“There is always hope when it comes to family.” – Me.
I thought of the other way to keep my family together, and I realized that I actually have two younger brothers. I focused too much on my parents separation and their life choices that I really hated, and I missed to see the presence of my brothers, helpless brothers who seeks guidance, financial and emotional help from their sister.
We have each other. I have to keep on moving because I have two younger brothers left and I have to take responsibility. Before, I kept on running away because it’s the parents responsibility to take care of their children’s. I couldn’t accept that they’re irresponsible and they can’t be together anymore for my other brother.
Now that I have accepted this responsibility and started acting like a responsible sister, I had that sense of usefulness and a reason to move forward. They gave me reasons to continue, to live life and to move in the right direction. I lost touch because my mother has changed her everything and my father has a new wife.
I lost the family I once had and I act like I’m okay this whole time, but I am not okay.

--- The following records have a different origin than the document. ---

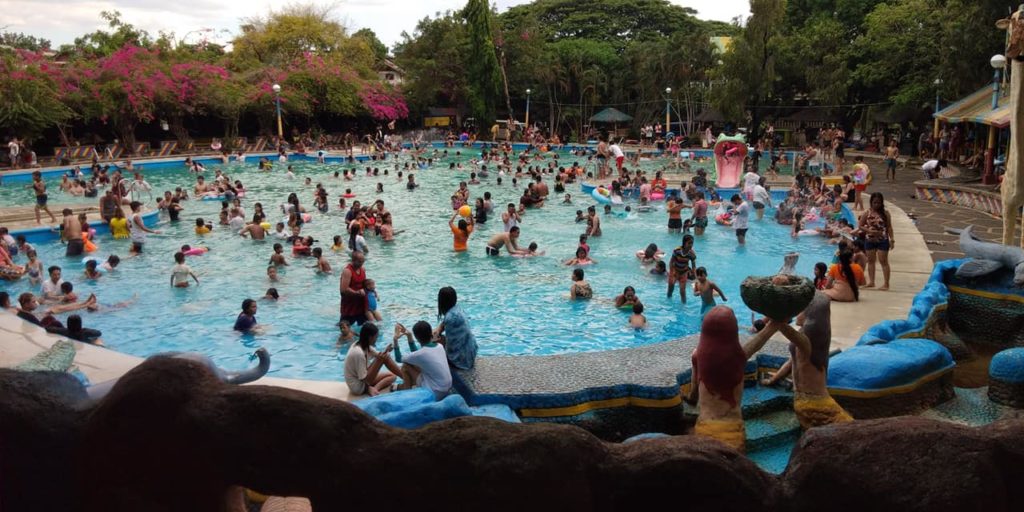Caloocan Resort
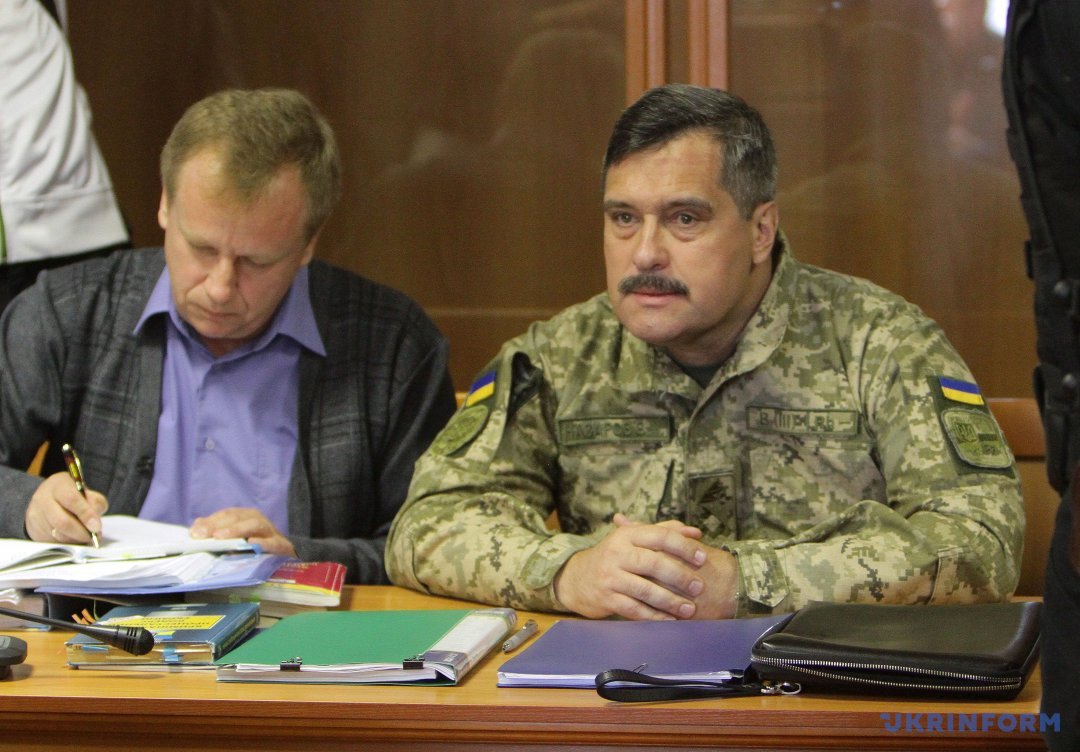 Засідання апеляційного суду у справі генерал-майора Назарова, яке пройшло в Дніпрі, не завершилося ухваленням рішення по апеляції, розгляд справи продовжиться 3 жовтня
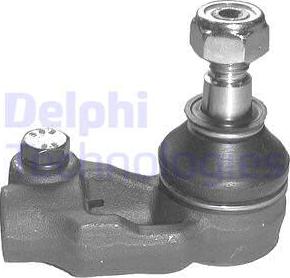 Delphi TA1210-11B1 - Testa barra d'accoppiamento autozon.pro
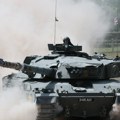 Gigant na gusenicama koji ledi krv u žilama! Napravljeno čudovište od 82 tone: NATO će imati najjači tenk u istoriji (foto)…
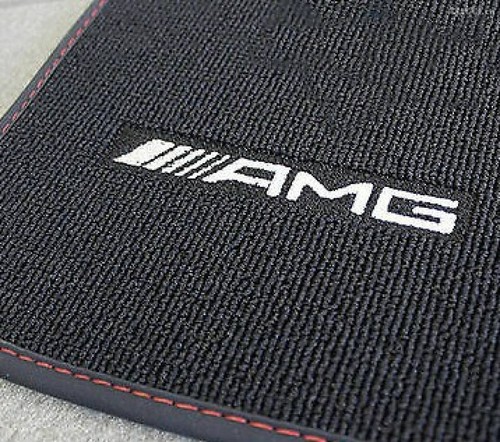 Mercedes benz amg original - original, 4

I am honestly feeling so lost everytime I see kids with complete family, a loving mother and a father. This jealousy took away my focus and I spend so much time hating myself. I kept on comparing myself to them and it really made me feel so weak and defeated. Not a good idea at all.
I am still accepting their new lives and I am still accepting my new responsibility. I have done this before, I will do it again hoping that I won’t get lost again. We have brothers and sisters. The lost of our parents or their divorce must not affect our relationship with each other. We must not follow them, we must do what is right. If they can’t, then we must.
I kept on running away from these responsibility. But this responsibility is making me useful. It made me feel like I have a sense of purpose for everything that I am doing because I have brothers. I have them, I can share everything to them. I actually have them, I’m not alone, so it’s really okay to have plenty. It’s okay to accept more and more blessings because I still have them.
My brother motivates me to finish my school but somehow I have forgotten that. They’re actually my hope. I can still build it, there is hope. I can still reunite the three of us in the name of our father. We always have hope, just so you know. I hope that if you’re experiencing the same life situation, if you’re family’s broken and the brothers and sisters are fighting; I hope that the eldest will start taking responsibility. We can do it! We’re not made the first, if we can’t do it right. 👍 And you’re not alone.